Handy – Free open source speech-to-text app

UI, accessibility, and CLI vs GUI

  • Some questioned why a GUI is needed; responses stressed accessibility to non-technical users and ease of installation (especially on macOS/Linux).
  • A separate CLI version exists and is used for automation / shell workflows.
  • Users praise the minimal, “obvious” UI and history view; one finds another app’s UI “too complicated” by comparison.

Models, speed, and local processing

  • Parakeet V3 is repeatedly praised as “incredibly fast” and highly accurate, often beating built‑in macOS dictation and other tools.
  • Handy runs fully locally, leveraging GPU where available; users value this both for privacy and avoiding ongoing costs.
  • “Discharging the model” simply unloads it from RAM, trading memory for slower cold starts.

Features, post‑processing, and limitations

  • Desired features: custom dictionary / replacements for domain terms, confidence indicators on words, ability to edit or correct already typed text, direct piping to tools like Claude Code, meeting transcription, API access, iOS/mobile apps, and an option to keep no history (currently in a debug menu).
  • Handy supports custom words, built‑in dictionary, and experimental LLM post‑processing (hidden in a debug menu).
  • Bluetooth mics (e.g., AirPods) introduce 1–2s start lag; internal laptop mics work better.
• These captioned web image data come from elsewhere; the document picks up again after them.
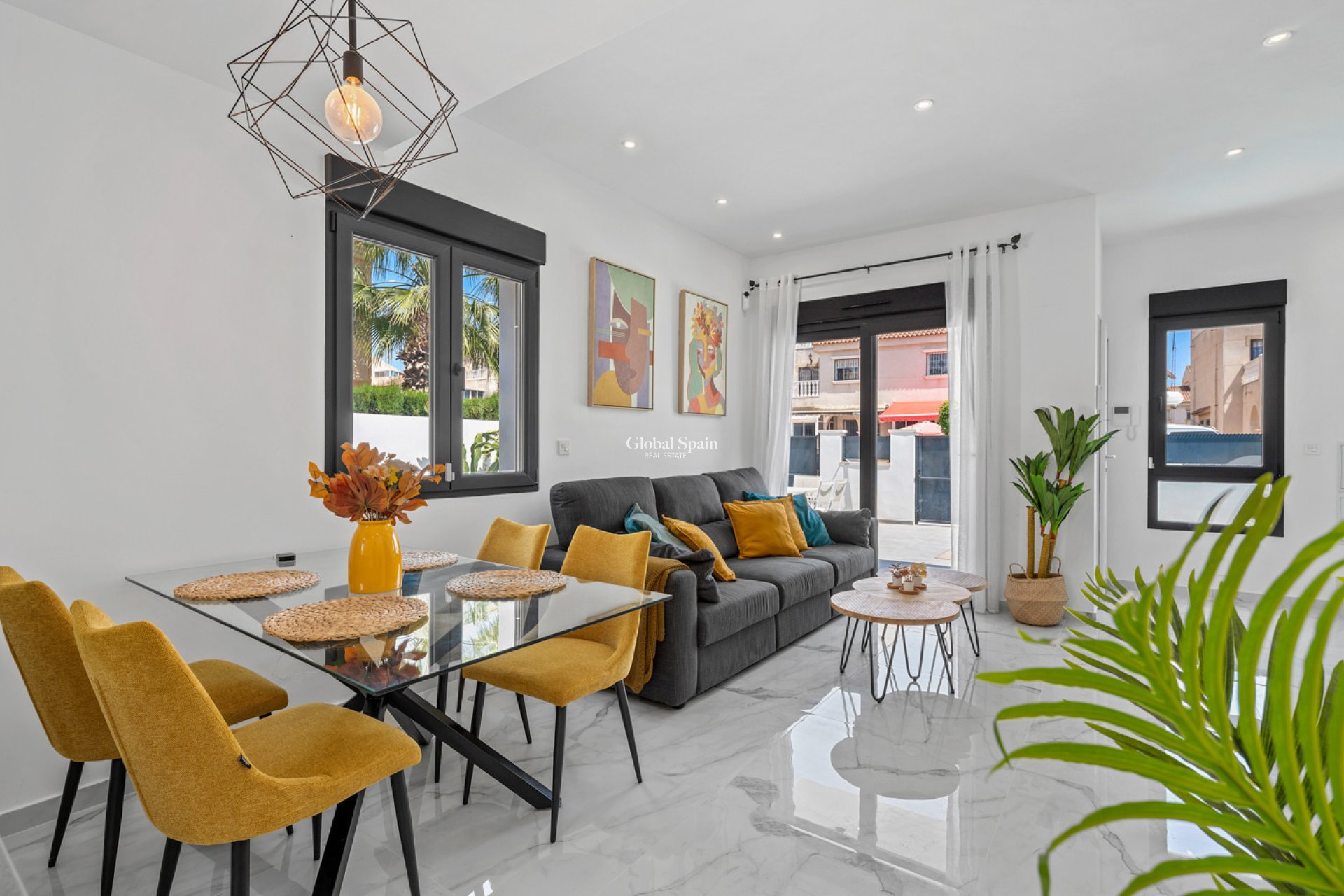 Venta - VILLA -
TORREVIEJA - Costa Blanca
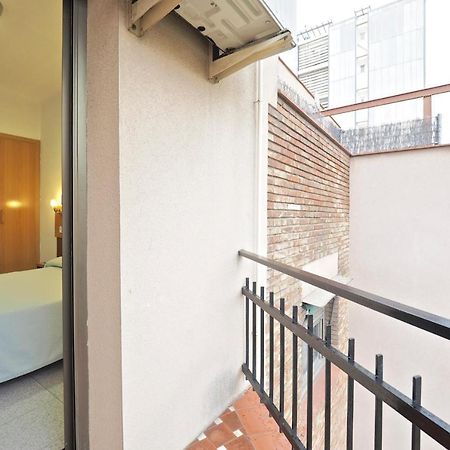 Hostal Ballestero Barcelona Luaran gambar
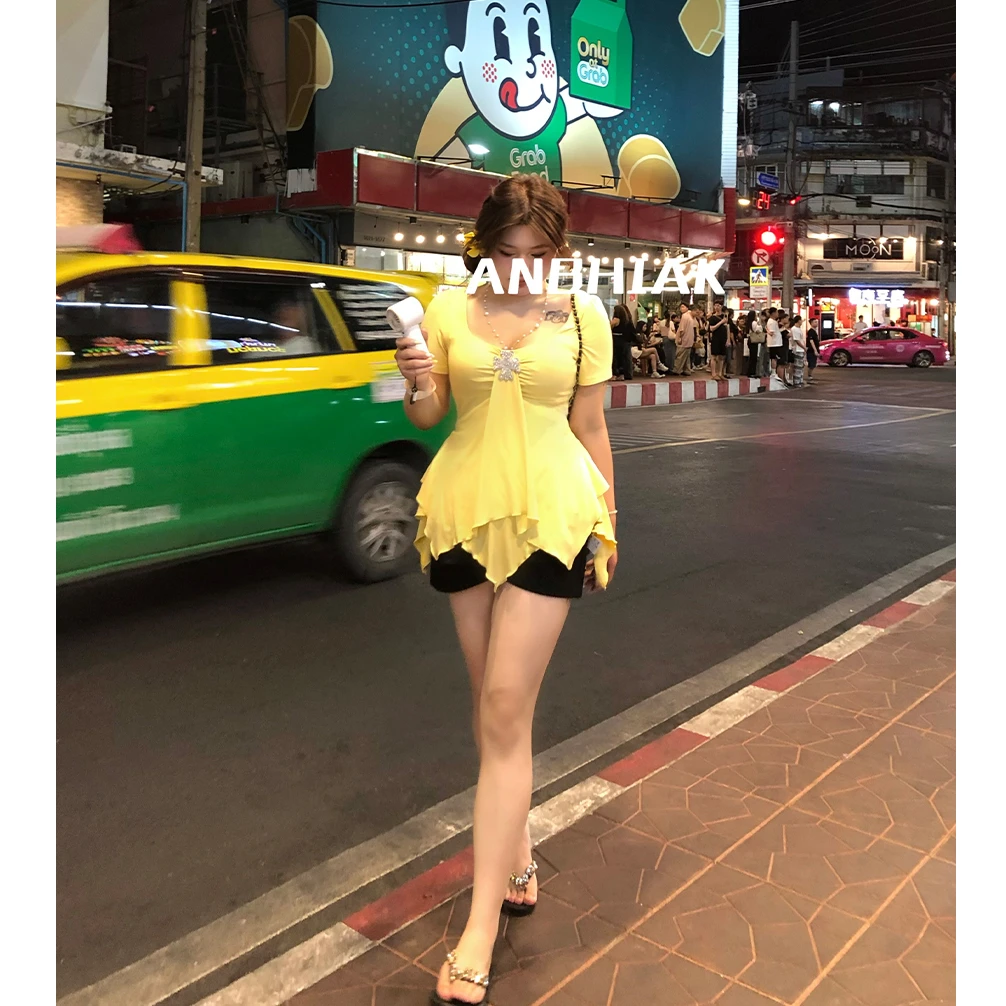 安妮不火【黑铆星痕】夏季款超绝比例显瘦设计款铆钉短裤A251V0009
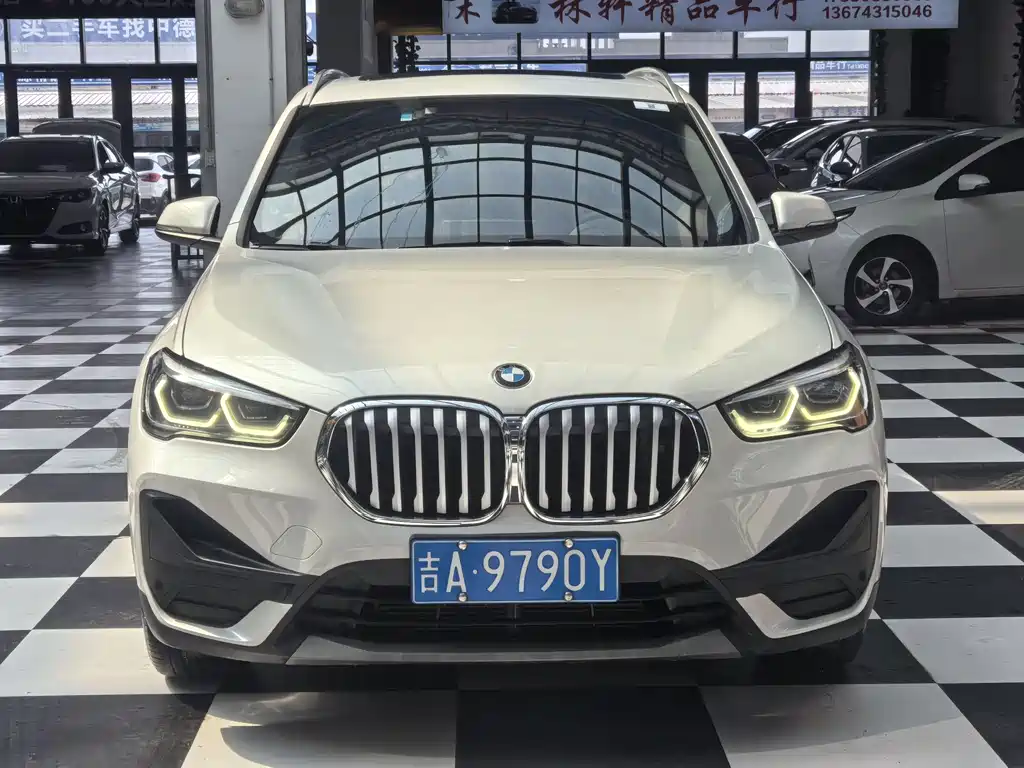 BMW X1 2021 — фото 2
Latency here is a common complaint.
  • There’s a hotkey pitfall: default Ctrl+Space can emit control characters if key‑up timing is unlucky (e.g., in Emacs).

Use cases and impact on workflows

  • Users employ Handy for: talking to coding agents/LLMs, writing Word comments/feedback, general dictation, and replacing Superwhisper/MacWhisper for accessibility (e.g., dystonia).
  • Some find speech faster than typing, especially when multitasking; others say they think/type faster and struggle to dictate fluently.
  • Discussion extends to “next‑level” workflows: feeding STT into LLM agents to execute commands, manipulate GUIs, or perform “coding by voice,” with references to prior and ongoing work and a related tool that records multimodal context for agents.

Comparisons and ecosystem

  • Handy is compared with Superwhisper, Wispr Flow, open‑whispr, WhisperTux, MacWhisper, FluidVoice, Hex, VoiceInk, and several mobile apps (Spokenly, Futo keyboard, Android Parakeet apps).
  • Many report Handy as at least competitive in accuracy/speed, with the main differentiators being UI, pricing (Handy is free/open), and real‑time vs batch transcription.
  • macOS Dictation is widely described as unreliable for accents, noisy environments, and technical terms.